Confrontés à un différend non résolu autrement, plusieurs consommateurs se tournent vers la Cour des petites créances afin qu’un juge tranche le litige qui les oppose à un commerçant.

Gain du consommateur sur fond de (faux) débat sur les garanties

Confrontés à un différend non résolu autrement, plusieurs consommateurs se tournent vers la Cour des petites créances afin qu’un juge tranche le litige qui les oppose à un commerçant. Jetons un coup d’œil sur une décision récente mettant en lumière les tribulations ordinaires d’un acheteur d’automobile neuve dont le véhicule affichait des problèmes de rouille.

En 2012, le consommateur dont le cas est rapporté ici achète un véhicule neuf de l’année-modèle 2011 chez un concessionnaire et décline l’offre de ce dernier de se procurer une garantie prolongée. Selon les termes de la garantie du constructeur, l’automobile est couverte par la garantie de base de 36 mois ou 60 000 km contre la rouille.

Rouille précoce

Au printemps 2015, le consommateur constate l’apparition de petites bulles à l’avant du capot qui laissent soupçonner la présence de rouille. Il passe chez le concessionnaire afin de faire examiner cette situation, mais ce dernier conclut à des dommages attribuables à des cailloux. Il concède cependant que les cailloux causent généralement des éclats sur la peinture plutôt que des petites bulles.

Le problème s’aggravant, le consommateur se livre en vain à la même démarche à deux ou trois reprises au cours des mois qui suivent et obtient la même réponse sans même qu’un examen sommaire ne soit pratiqué sur le véhicule.

Consommateur balloté

Naturellement, le problème empire au cours de l’hiver de telle sorte qu’en février 2016, le consommateur envoie une lettre au concessionnaire qui se limite à le référer au constructeur. Ce dernier explique cependant au consommateur que la réclamation doit nécessairement transiter par le concessionnaire vers qui il doit se tourner à nouveau (!).

Une offre refusée

Suivant les recommandations du constructeur, le consommateur se rend chez un autre concessionnaire de la marque qui accepte de s’occuper du dossier. L’employé examine l’auto et transmet des photos directement au service à la clientèle du constructeur.

Après analyse, ce dernier soumet une offre de règlement de 300 $ ce qui correspondrait à ses dires à 50 % du coût des réparations nécessaires. Il insiste par ailleurs sur le fait que l’offre est raisonnable parce que le véhicule n’est plus couvert par la garantie de trois ans. Insatisfait de l’offre, le consommateur décide d’entreprendre un recours afin de réclamer le coût de remplacement du capot évalué à 1417,64 $ par un carrossier indépendant.

Au tribunal

Devant la Cour, le constructeur fonde le rejet de la réclamation du consommateur sur le fait que la garantie du fabricant est échue et que les dommages au véhicule ne découleraient pas d’un vice caché ou d’un défaut de construction, mais seraient plutôt attribuables à l’usage qu’en fait le consommateur en l’exposant aux cailloux de la route.

D’entrée de jeu, le juge souligne que la réclamation du consommateur s’appuie non pas sur la garantie (conventionnelle) de base du constructeur, mais sur les garanties (légales) prévues par la Loi sur la protection du consommateur.

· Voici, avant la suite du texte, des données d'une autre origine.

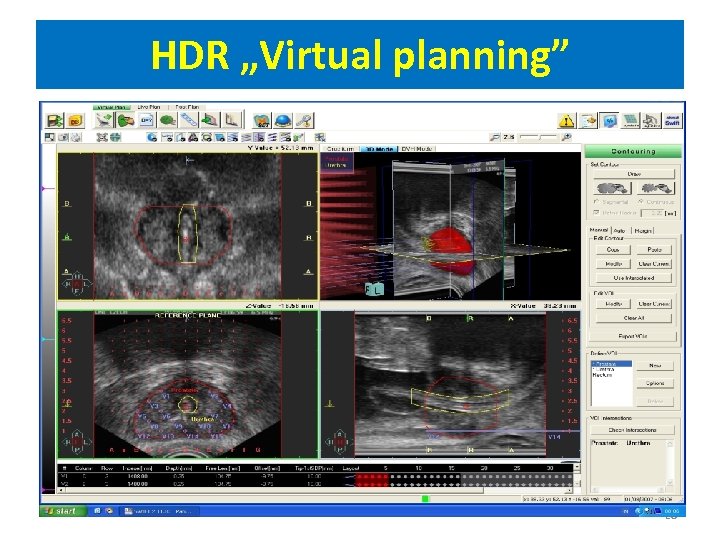 HDR „Virtual planning” 20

Celles-ci ont trait aux vices cachés, au fonctionnement normal et à la durabilité raisonnable des biens que se procurent les consommateurs auprès d’un commerçant. Ces protections, rappelons-le, les consommateurs peuvent en revendiquer l’application sans égard à la garantie du constructeur, que celle-ci soit ou non échue.

Considérant la preuve et les faits présentés devant lui et tenant compte d’une dépréciation raisonnable liée à l’âge du véhicule, le juge réduit de 30 % le montant réclamé pour un capot neuf et somme le constructeur de verser au consommateur une indemnité de 992,35 $.

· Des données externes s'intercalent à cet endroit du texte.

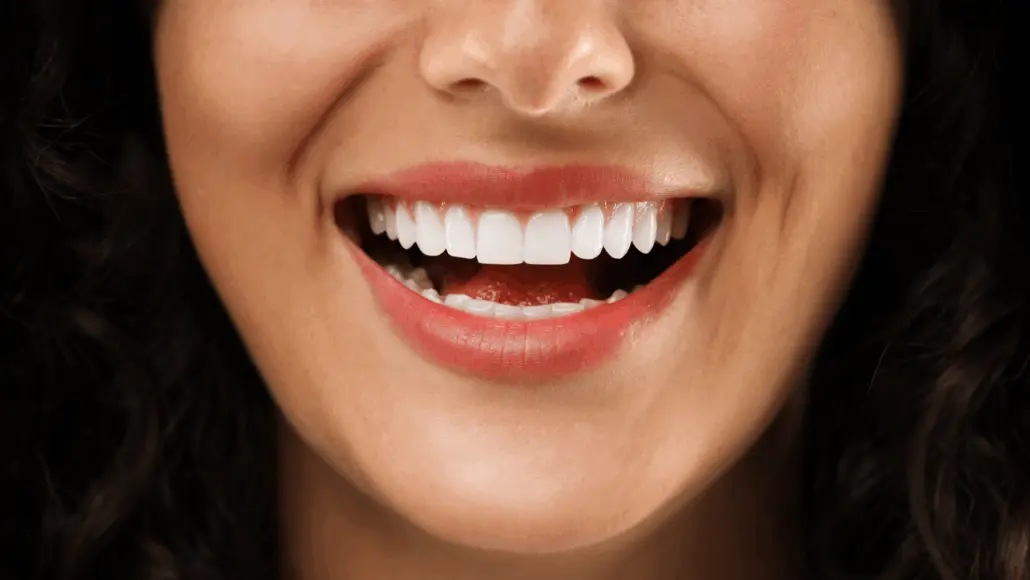 Esthétique dentaire en Turquie : pourquoi le naturel remplace le sourire ultra-blanc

Comme d’habitude, il faut s’interdire de tirer des généralités à partir de cas particuliers et déduire que toute démarche de même nature relativement à de la rouille sur un véhicule récent peut mener aux mêmes conclusions.

Conclusion

Il est cependant pertinent de souligner trois éléments en guise de conclusion :

 1- le fait qu’on oppose souvent à tort aux consommateurs l’argument voulant que la garantie (conventionnelle) du fabricant soit échue pour se déclarer libéré de toute obligation relativement à la qualité du bien; 

2- le fait que le consommateur peut revendiquer l’application de la garantie légale contre le constructeur et/ou le détaillant; 

3- le fait qu’un commerçant ne peut faire porter la survenance d’une défectuosité sur une faute que le consommateur aurait commise sans être en mesure d’en faire la démonstration. Un test que le constructeur dans le cas présent a visiblement échoué.

Gary Frost est directeur des services aux consommateurs à l’Office de la protection du consommateur.